# MATERIAL PROVIDED
------

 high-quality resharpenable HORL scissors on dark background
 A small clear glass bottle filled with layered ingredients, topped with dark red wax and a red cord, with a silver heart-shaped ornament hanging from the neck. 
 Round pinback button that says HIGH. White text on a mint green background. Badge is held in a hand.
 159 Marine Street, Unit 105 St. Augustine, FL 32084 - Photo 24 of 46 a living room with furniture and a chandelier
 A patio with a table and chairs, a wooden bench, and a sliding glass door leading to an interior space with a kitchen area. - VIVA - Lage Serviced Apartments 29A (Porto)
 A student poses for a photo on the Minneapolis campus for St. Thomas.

------

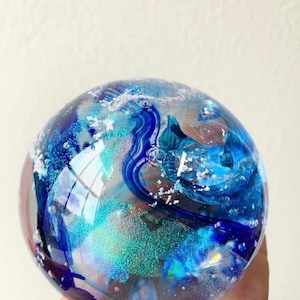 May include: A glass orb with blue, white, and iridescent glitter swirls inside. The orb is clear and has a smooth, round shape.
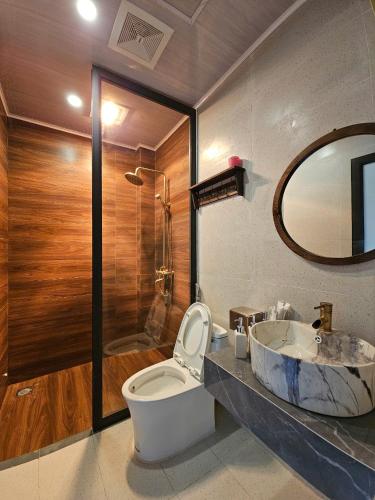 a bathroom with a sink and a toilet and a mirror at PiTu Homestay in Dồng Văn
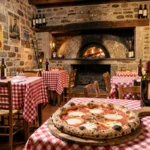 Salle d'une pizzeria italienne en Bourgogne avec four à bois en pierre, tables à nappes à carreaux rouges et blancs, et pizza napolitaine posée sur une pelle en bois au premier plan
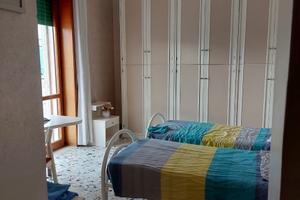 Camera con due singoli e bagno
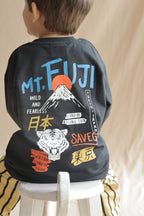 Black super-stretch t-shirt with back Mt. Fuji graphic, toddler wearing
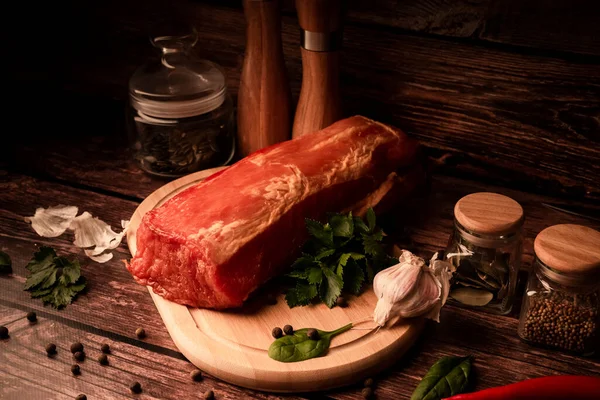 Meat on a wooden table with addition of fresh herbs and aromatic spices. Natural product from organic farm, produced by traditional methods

------

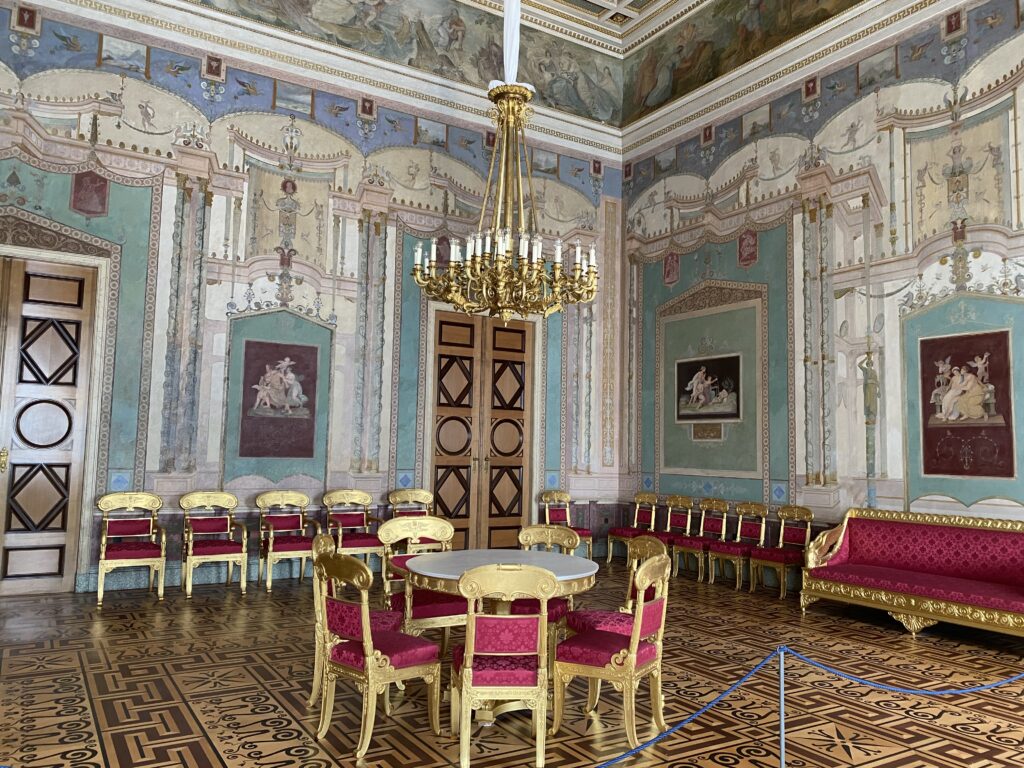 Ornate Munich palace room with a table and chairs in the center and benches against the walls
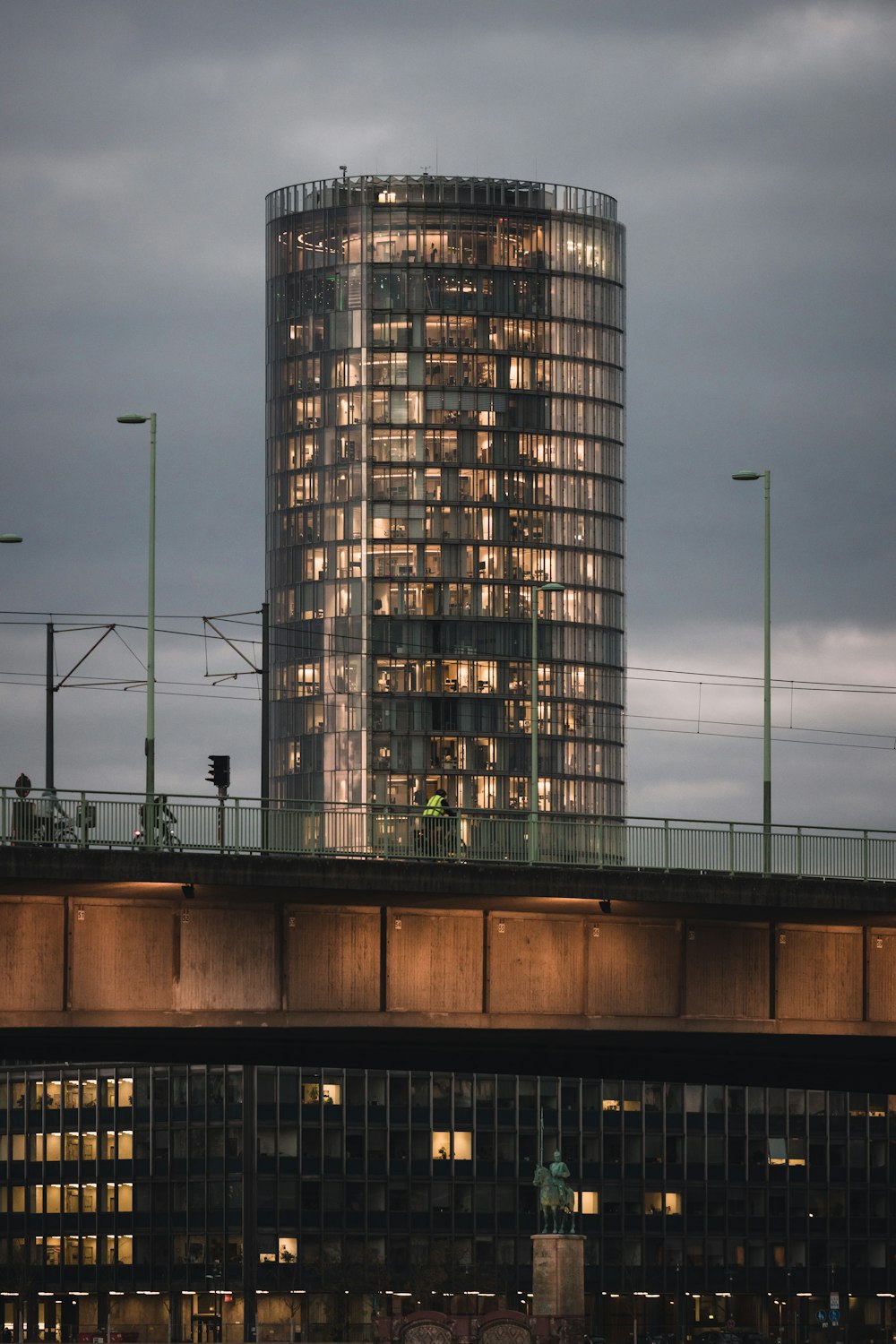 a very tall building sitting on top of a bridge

------

# PROBLEM
Once you find the line with "Round pinback button" above, print it and every line after it up to and including the line with "A student poses", exactly as written and nothing else.

# RESPONSE FOR THIS EXERCISE
 Round pinback button that says HIGH. White text on a mint green background. Badge is held in a hand.
 159 Marine Street, Unit 105 St. Augustine, FL 32084 - Photo 24 of 46 a living room with furniture and a chandelier
 A patio with a table and chairs, a wooden bench, and a sliding glass door leading to an interior space with a kitchen area. - VIVA - Lage Serviced Apartments 29A (Porto)
 A student poses for a photo on the Minneapolis campus for St. Thomas.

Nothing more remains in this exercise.